WHAT TO DO: When you reach the line that contains "Aerial perspective of" below, transcribe it and each line after it word for word to the end of the records, omitting pictures.

[Short descriptive text snippets]

——

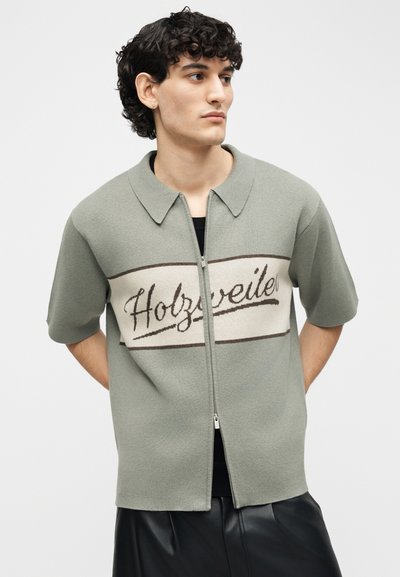 Νέος άνδρας με σγουρά σκούρα μαλλιά, ντυμένος με κοντομάνικο φούτερ ανοιχτού πράσινου χρώματος με φερμουάρ και τη λέξη "Holzweiler" στο στήθος.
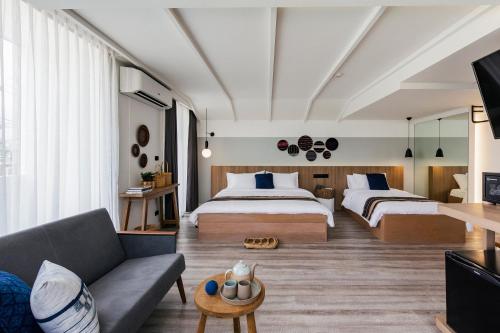 a hotel room with two beds and a couch at HOMM Boutique Hotel in Chiang Mai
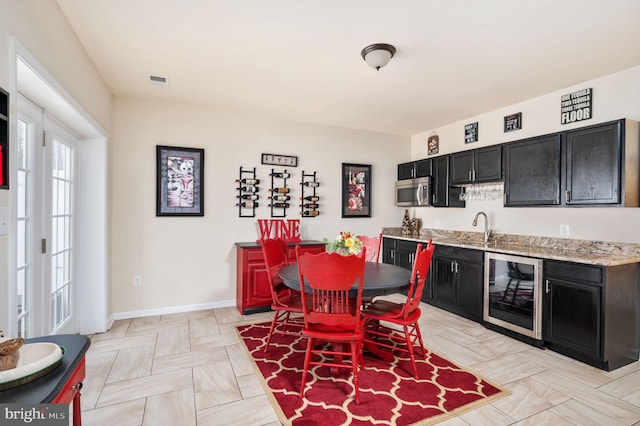 dining area featuring wet bar, wine cooler, visible vents, and baseboards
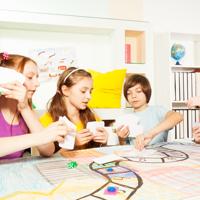 Kids playing a board game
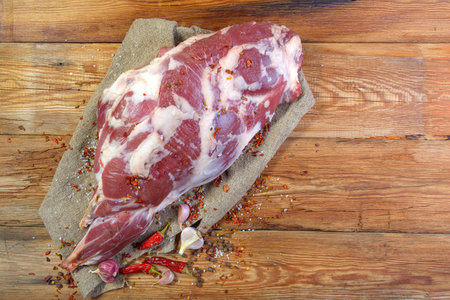 On a wooden table lies a raw leg of mutton on a bone. Sheep meat close-up.A fresh piece of mutton....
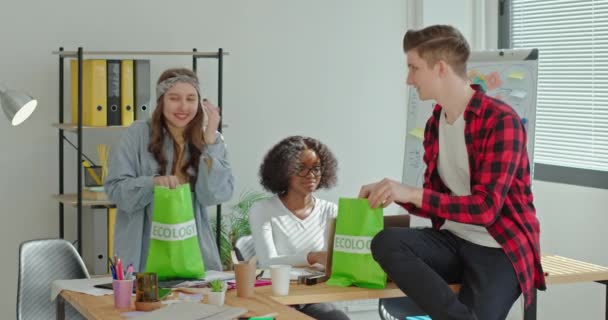 Multiracial kollegor med eco bags prata och använda bärbar dator — Stockvideo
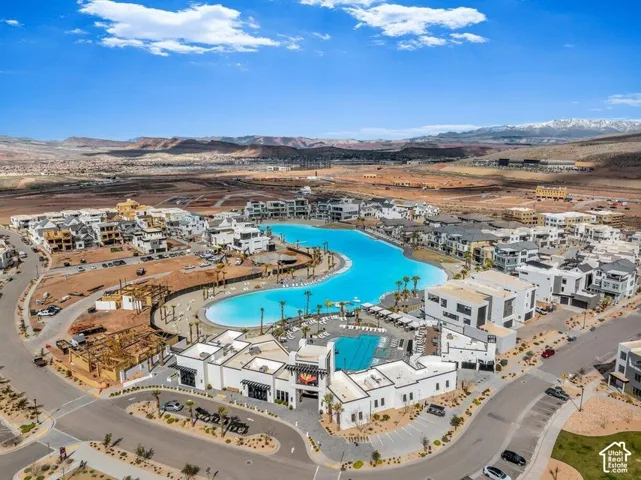 Aerial perspective of a multi-unit residential community featuring a large, central turquoise recreational lagoon, a swimming pool, and a clubhouse facility, set against a desert landscape with mountain backdrops
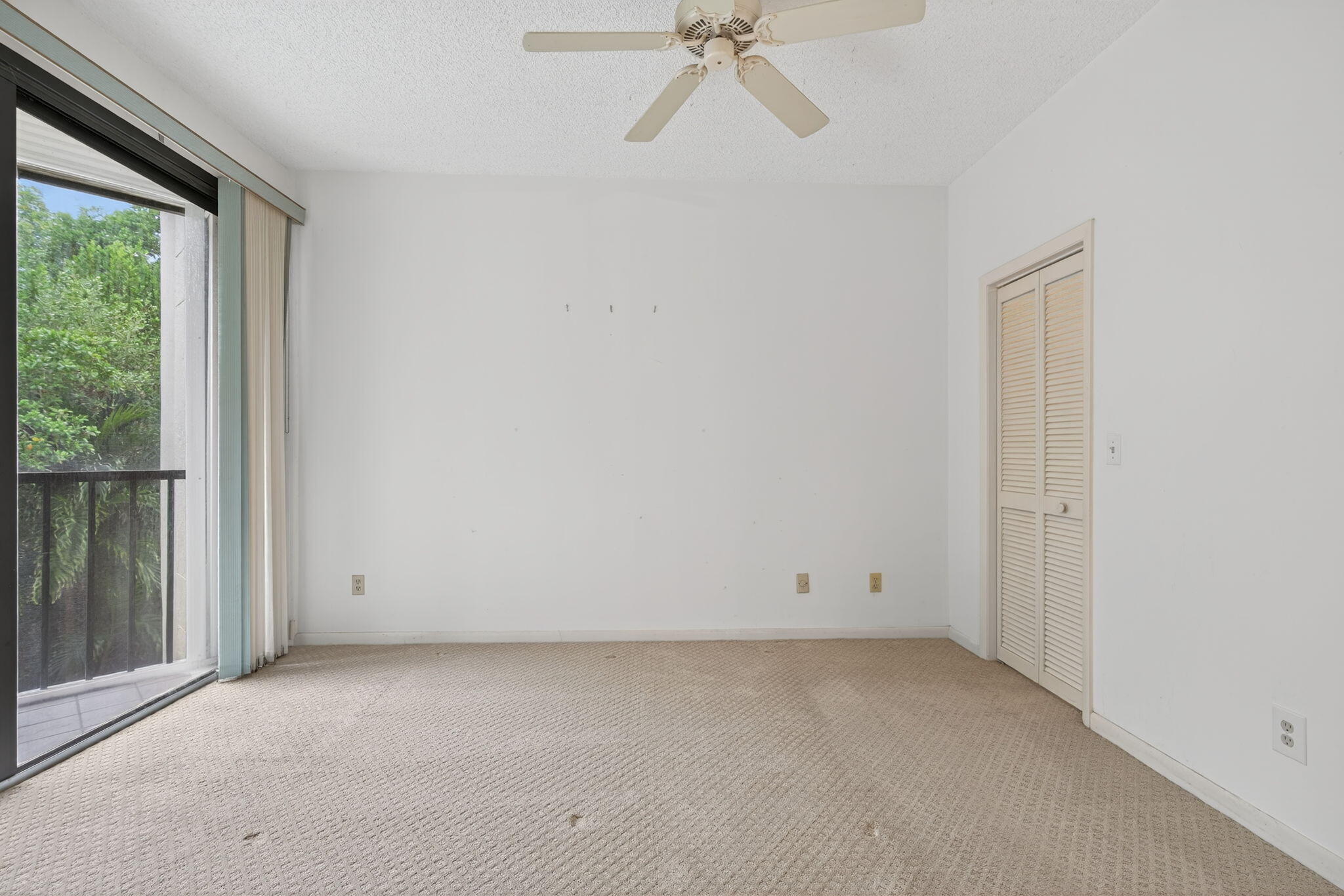 221 Northeast Plantation Road, Unit 213 Stuart, FL 34996 - Photo 19 of 44 an empty room with a white ceiling fan and window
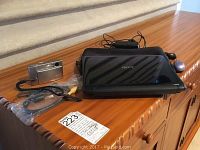 Acer Aspire One mini laptop in black with charger and case, Sony Cybershot digital camera, and cables on a wooden dresser.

——

OUTPUT OF THE EXERCISE:
 Aerial perspective of a multi-unit residential community featuring a large, central turquoise recreational lagoon, a swimming pool, and a clubhouse facility, set against a desert landscape with mountain backdrops
 221 Northeast Plantation Road, Unit 213 Stuart, FL 34996 - Photo 19 of 44 an empty room with a white ceiling fan and window
 Acer Aspire One mini laptop in black with charger and case, Sony Cybershot digital camera, and cables on a wooden dresser.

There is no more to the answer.